Pekanbaru(SegmenNews.com)- Sudah dua pekan Komisi V DPRD Riau mengadakan rapat secara maraton dengan Dinas Pendidikan beserta kepala sekolah tingkat SLTA se-Provinsi Riau. Pertemuan yang diadakan hampir setiap hari itu membahas mengenai masalah biaya pendidikan yang masih dikeluhkan masyarakat. Penyebabnya adalah masih adanya pungutan dan iuran wajib yang dibebankan pihak sekolah kepada wali murid.
Maka dari itu, rapat rutin yang diadakan memiliki tujuan agar tidak ada lagi beban biaya sekolah yang diemban wali murid. Hal itu dikemukakan Anggota Komisi V DPRD Riau Husaimi Hamidi. Ia menerangkan, sejak pertemuan pertama sudah hampir separuh kepala sekolah dari 6 kabupaten/kota ikut dalam pertemuan. Rencananya rapat akan diadakan secara maraton untuk mendapat titik temu atas persoalan yang juga dialami pihak sekolah.
“Pertama memang kami ingin mencari tau dahulu berapa beban biaya yang diwajibkan sekolah ke wali murid. Biaya itu untuk apa rinci nya. Karena sampai sekarang memang masih menjadi tanda tanya oleh masyarakat. Selain besaran biaya berbeda antar sekolah, wali murid juga tidak dipaparkan secara jelas uang yang dipungut untuk apa saja,” sebut Husaimi.
Lebih jauh disampaikan dia, pihaknya memang ingin agar tidak ada lagi sekolah yang memungut biaya kepada wali murid. Dengan catatan, seluruh keperluan sekolah dapat dipenuhi oleh pemerintah. Hal itulah yang selama ini menjadi persoalan. Sehingga sekolah membebankan biaya pungutan kepada wali murid.

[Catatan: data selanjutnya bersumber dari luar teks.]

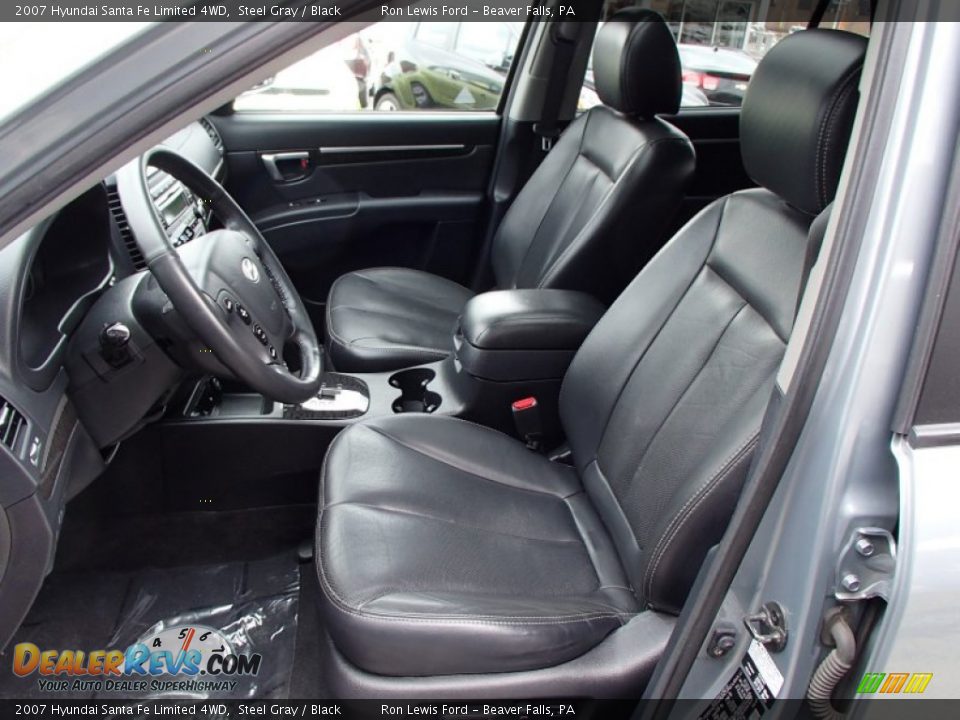 2007 Hyundai Santa Fe Limited 4WD Steel Gray / Black Photo #11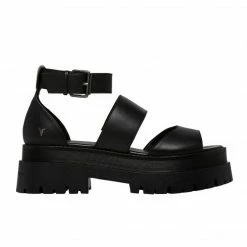 WINDSOR SMITH BLACK THRILLED SANDALS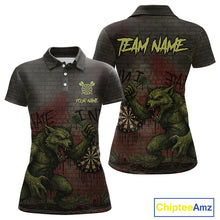 Load image into Gallery viewer, Custom Dripping Grunge Wolf Dartboard Funny Dart Men Polo Shirt Graffiti Dart Jerseys NYN1785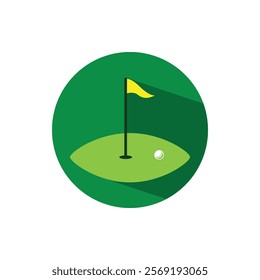 Golf icon logo template design illustration
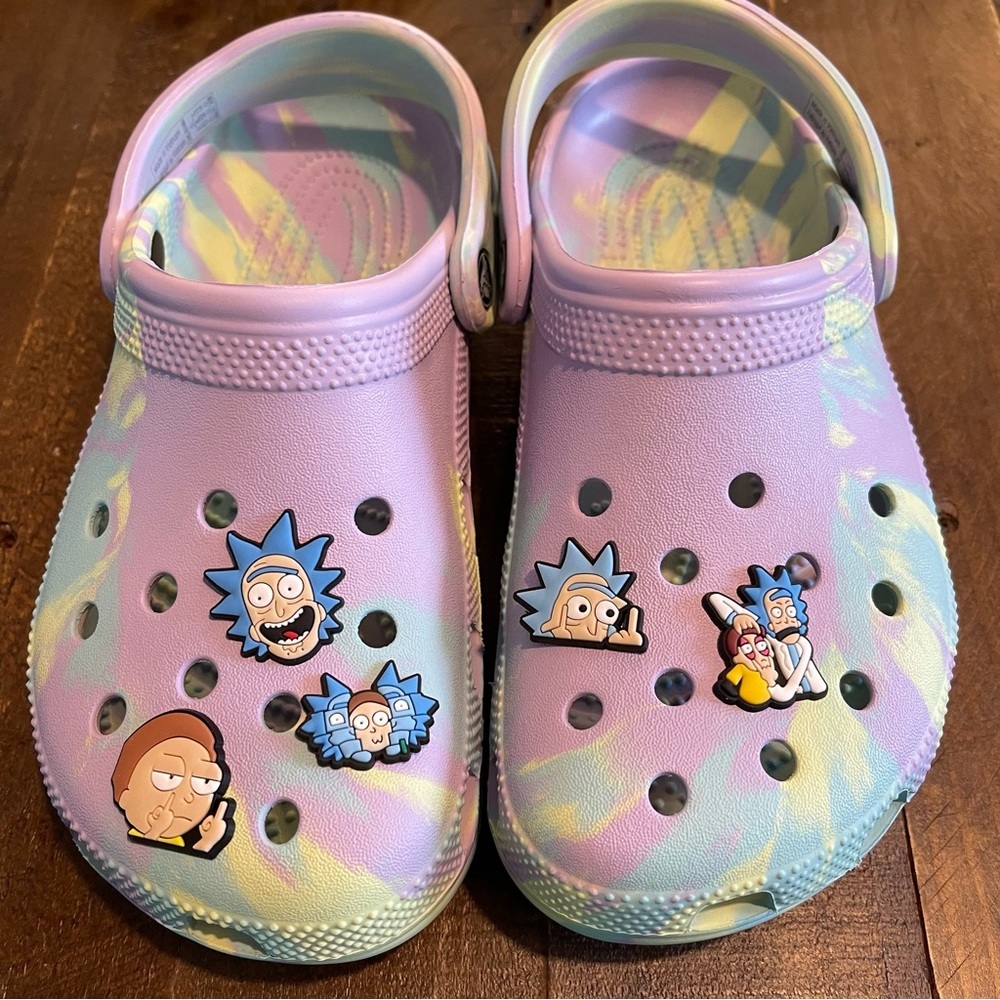 5‎ Piece Rick and Morty Croc Charms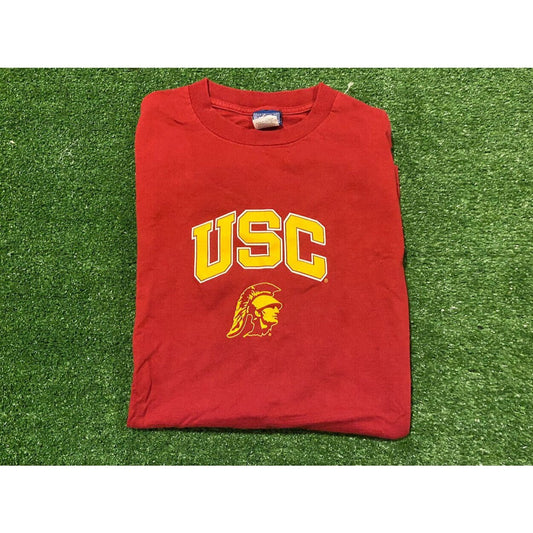 Vintage Champs Team Edition Apparel USC Southern Cal Trojans arch t-shirt XL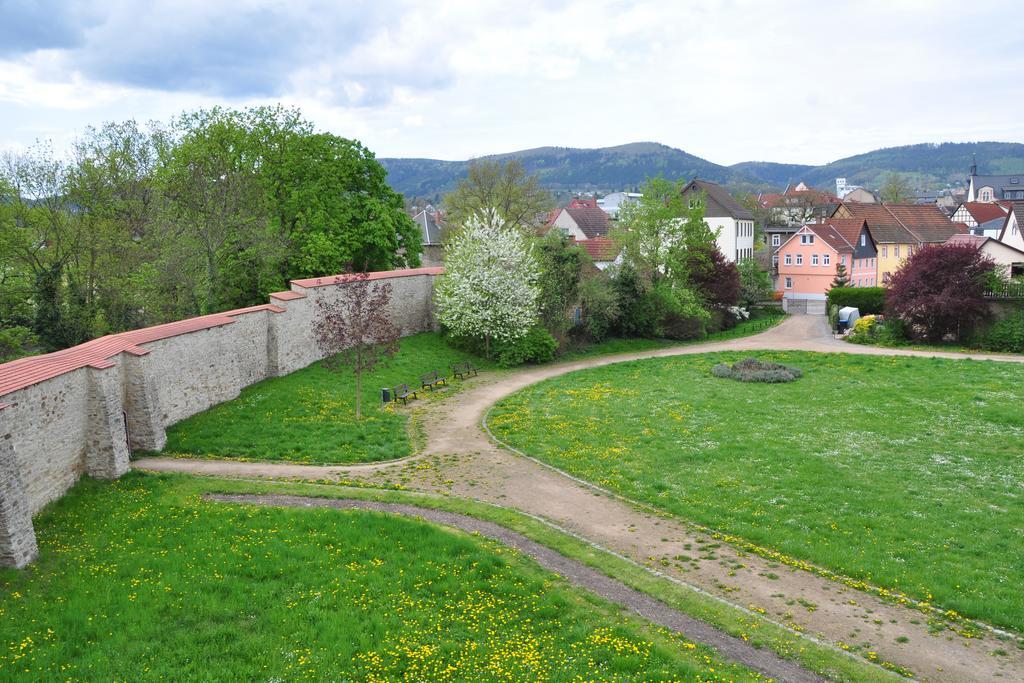 Hotel Am Hohen Schwarm Saalfeld Saale Dış mekan fotoğraf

Masalah lainnya adalah adanya miss komunikasi antara pihak sekolah dengan Dinas Pendidikan selaku perpanjang tangan pemerintah.
Suasana rapat dengar pendapat Komisi V DPRD Riau dengan kepala sekolah tingkat SLTA se Provinsi Riau dan Dinas Pendidikan Riau baru-baru ini.
Seperti penyampaian kebutuhan sekolah secara rinci untuk setiap tahun ajaran. Padahal itu sangat penting agar dinas bisa makomodir kebutuhan sekolah. Terutama yang bersangkutan dengan proses belajar mengajar. Karena untuk kebutuhan selain itu, seperti pembangunan sekolah, renovasi gedung, pembangunan mushalla dan lainnya itu bisa memanfaatkan anggaran yang berasal dari APBN.
“Kalau seperti itu kan ada BOS yang bersumber dari APBN. Kalau proses belajar mengajar bisa kita upayakan melalui BOSDA yang bersembuer dari APBD. Namun kan belum sinkron. Harusnya ada detail atau rencana sekolah dalam 1 tahun ajaran. Disana kita bisa tau kebutuhannya detail seperti apa,” pungkasnya.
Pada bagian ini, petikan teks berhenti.